PROVIDED MATERIAL:
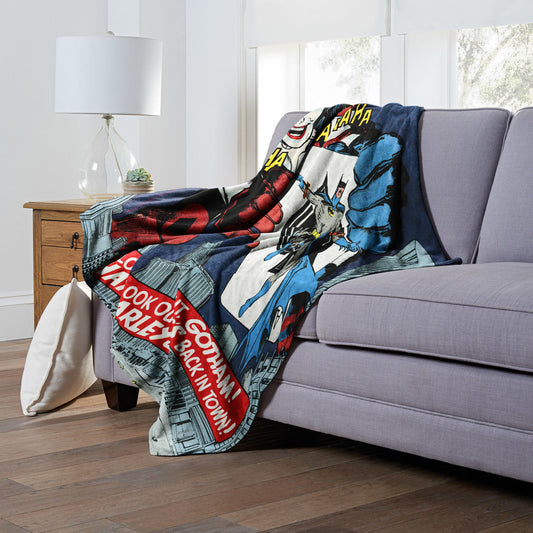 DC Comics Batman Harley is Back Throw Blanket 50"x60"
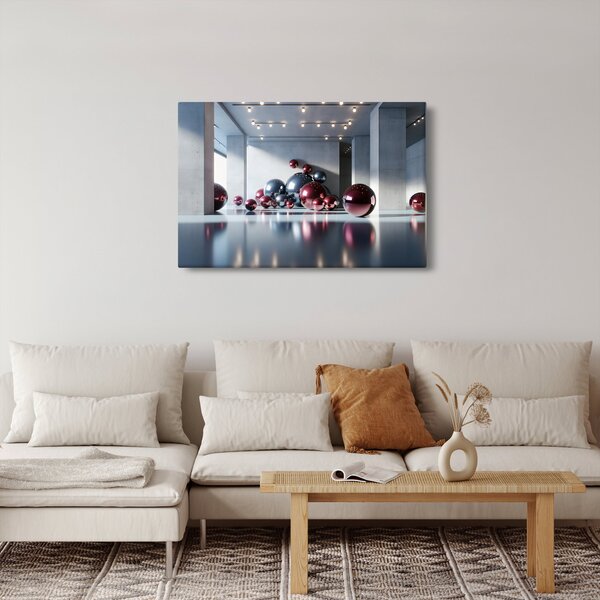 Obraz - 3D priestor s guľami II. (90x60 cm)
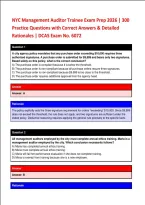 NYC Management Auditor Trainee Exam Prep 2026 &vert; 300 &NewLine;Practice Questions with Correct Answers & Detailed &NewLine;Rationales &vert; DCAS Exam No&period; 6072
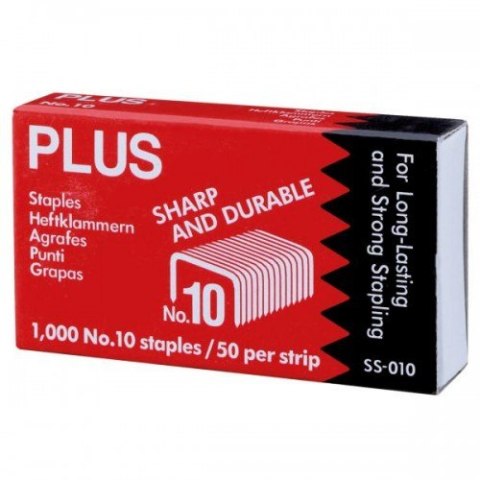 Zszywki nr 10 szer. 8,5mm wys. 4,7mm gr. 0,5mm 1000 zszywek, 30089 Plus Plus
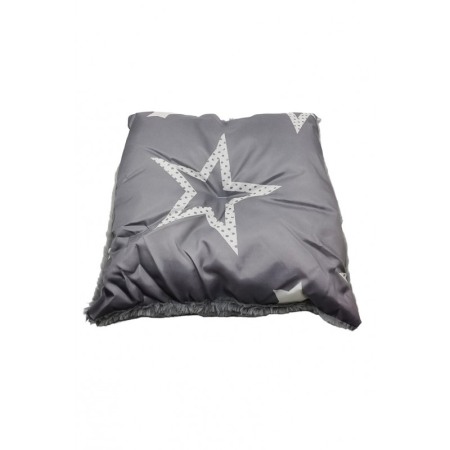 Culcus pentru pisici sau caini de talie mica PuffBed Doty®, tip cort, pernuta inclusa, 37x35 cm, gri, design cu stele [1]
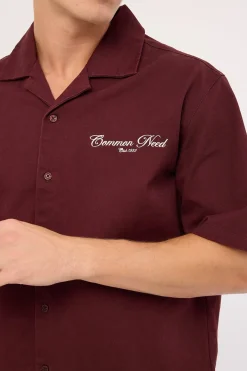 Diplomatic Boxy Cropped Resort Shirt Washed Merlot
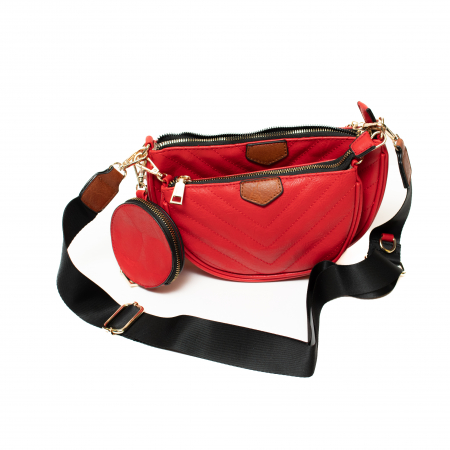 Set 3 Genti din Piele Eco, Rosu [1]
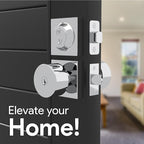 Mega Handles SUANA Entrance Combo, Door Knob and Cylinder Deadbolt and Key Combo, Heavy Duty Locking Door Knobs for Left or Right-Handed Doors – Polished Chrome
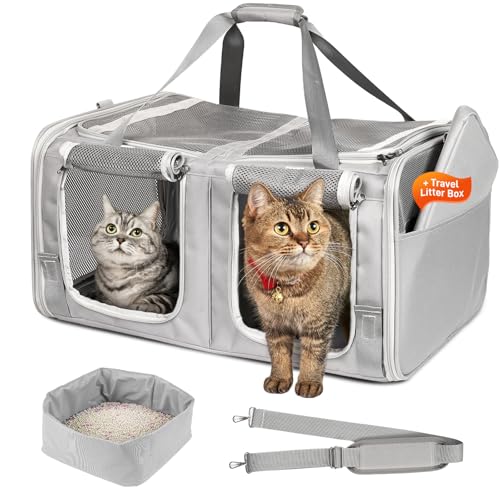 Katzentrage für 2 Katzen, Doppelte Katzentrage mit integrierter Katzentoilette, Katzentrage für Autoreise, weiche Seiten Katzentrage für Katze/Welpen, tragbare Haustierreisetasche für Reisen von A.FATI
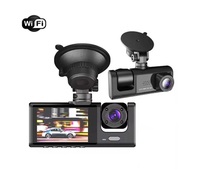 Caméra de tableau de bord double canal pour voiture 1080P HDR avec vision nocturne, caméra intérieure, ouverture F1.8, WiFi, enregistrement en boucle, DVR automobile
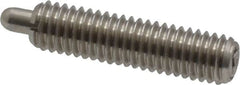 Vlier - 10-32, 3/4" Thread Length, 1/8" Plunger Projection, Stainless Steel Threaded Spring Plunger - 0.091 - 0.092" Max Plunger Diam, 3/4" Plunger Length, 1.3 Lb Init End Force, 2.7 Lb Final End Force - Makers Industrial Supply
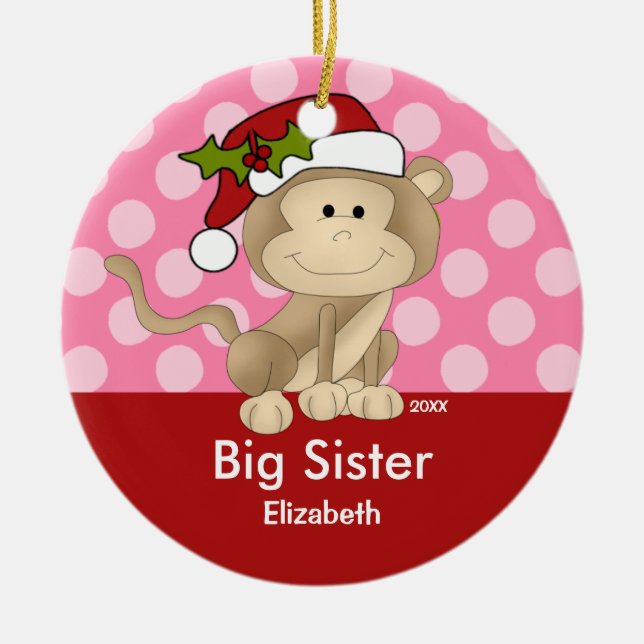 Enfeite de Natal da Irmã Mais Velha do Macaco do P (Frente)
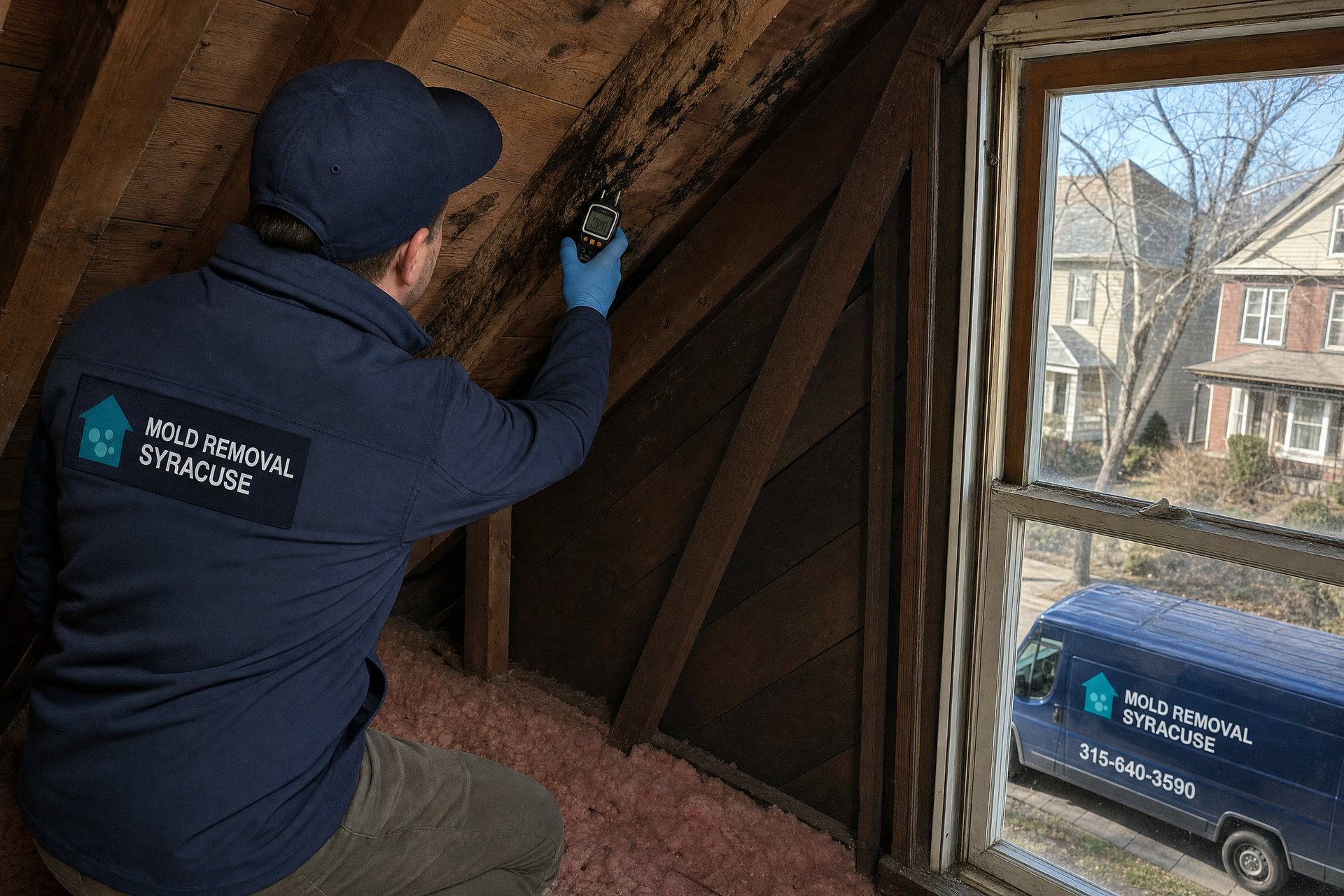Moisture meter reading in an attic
==
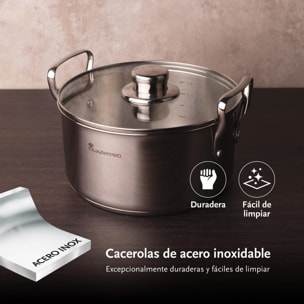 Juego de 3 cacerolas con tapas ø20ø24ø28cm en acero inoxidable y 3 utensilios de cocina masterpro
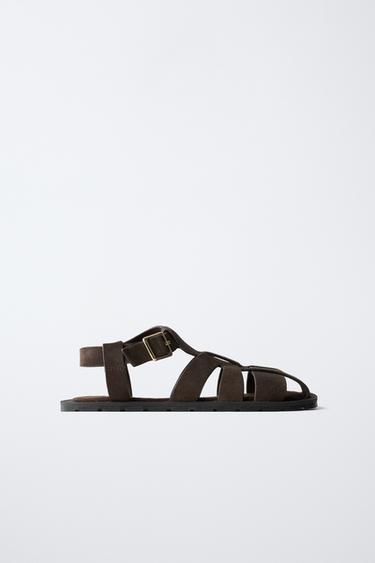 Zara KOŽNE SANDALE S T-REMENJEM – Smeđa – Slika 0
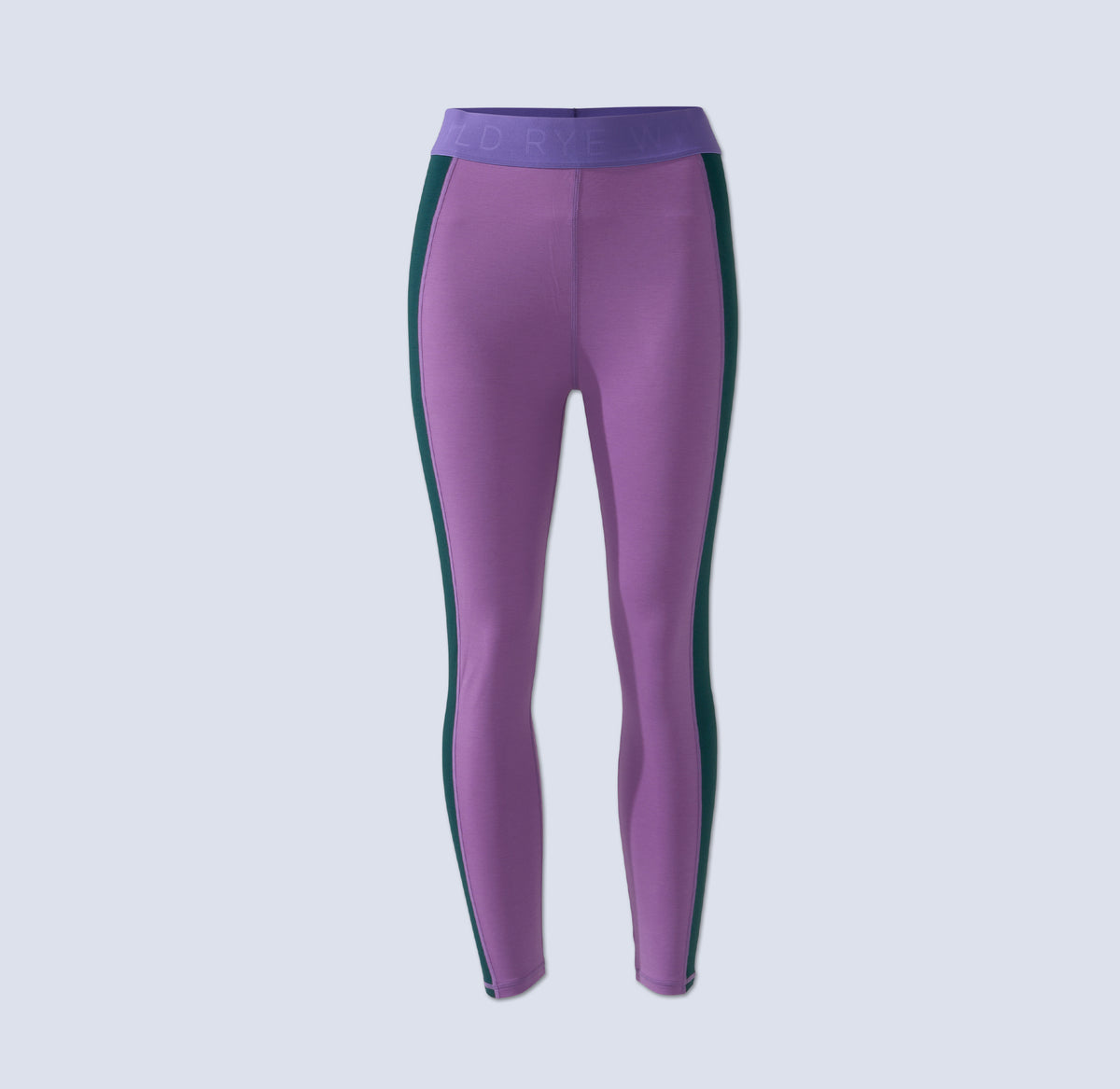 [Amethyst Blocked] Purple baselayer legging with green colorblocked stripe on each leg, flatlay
---
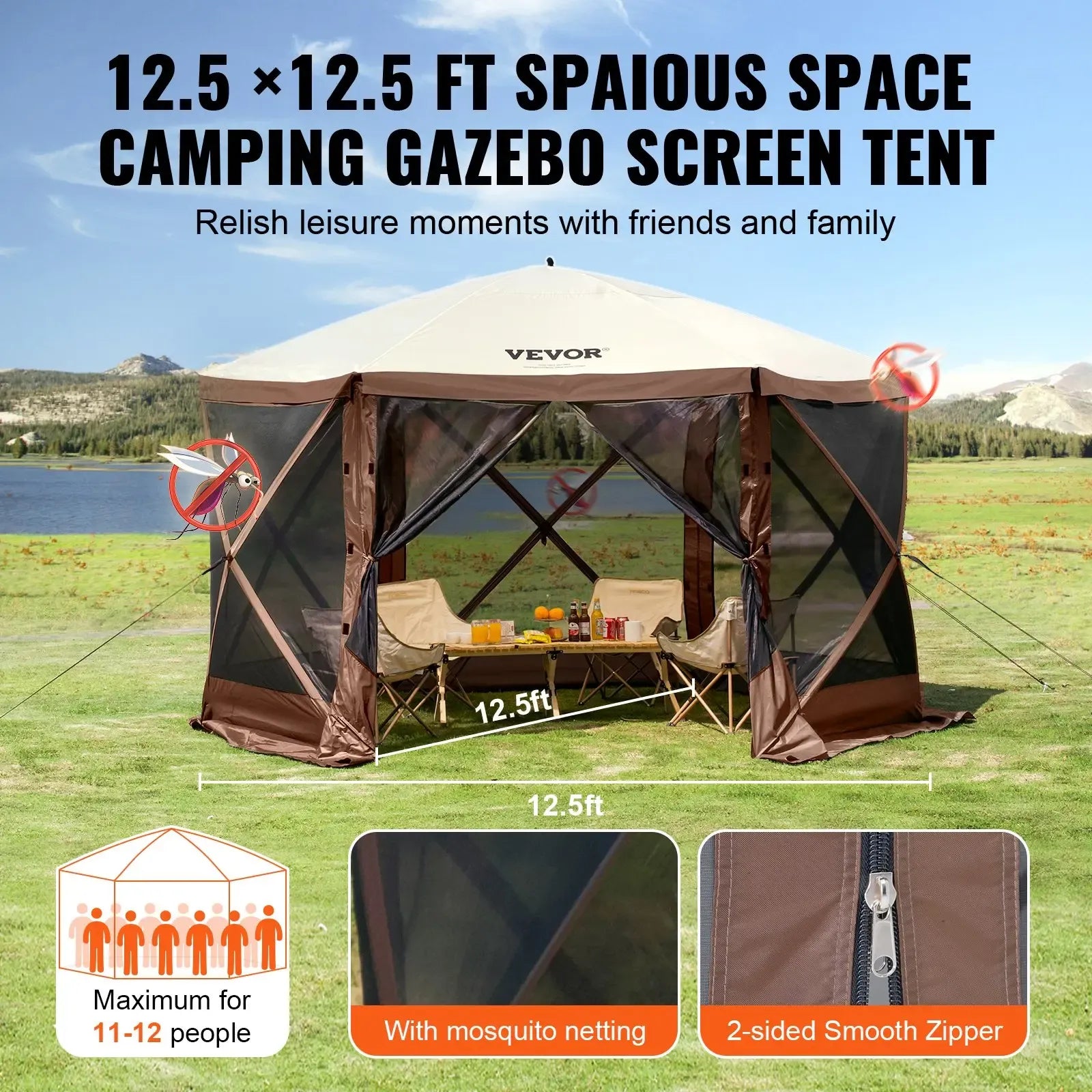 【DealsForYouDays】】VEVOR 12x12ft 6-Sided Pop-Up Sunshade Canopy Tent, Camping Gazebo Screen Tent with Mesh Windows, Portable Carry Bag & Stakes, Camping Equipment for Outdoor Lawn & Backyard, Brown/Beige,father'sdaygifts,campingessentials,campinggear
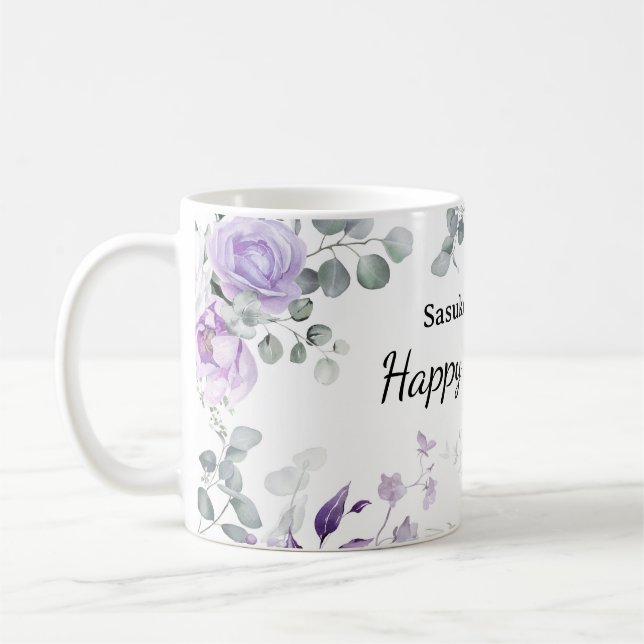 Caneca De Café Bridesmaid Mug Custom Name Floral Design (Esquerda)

BRIEF:
Since the pictures are not part of the copy, please transcribe only the lines above from the one with "12x12ft 6-Sided Pop-Up" through the one with "Caneca De Café", exactly and with both ends.

TASK RESPONSE:
 【DealsForYouDays】】VEVOR 12x12ft 6-Sided Pop-Up Sunshade Canopy Tent, Camping Gazebo Screen Tent with Mesh Windows, Portable Carry Bag & Stakes, Camping Equipment for Outdoor Lawn & Backyard, Brown/Beige,father'sdaygifts,campingessentials,campinggear
 Caneca De Café Bridesmaid Mug Custom Name Floral Design (Esquerda)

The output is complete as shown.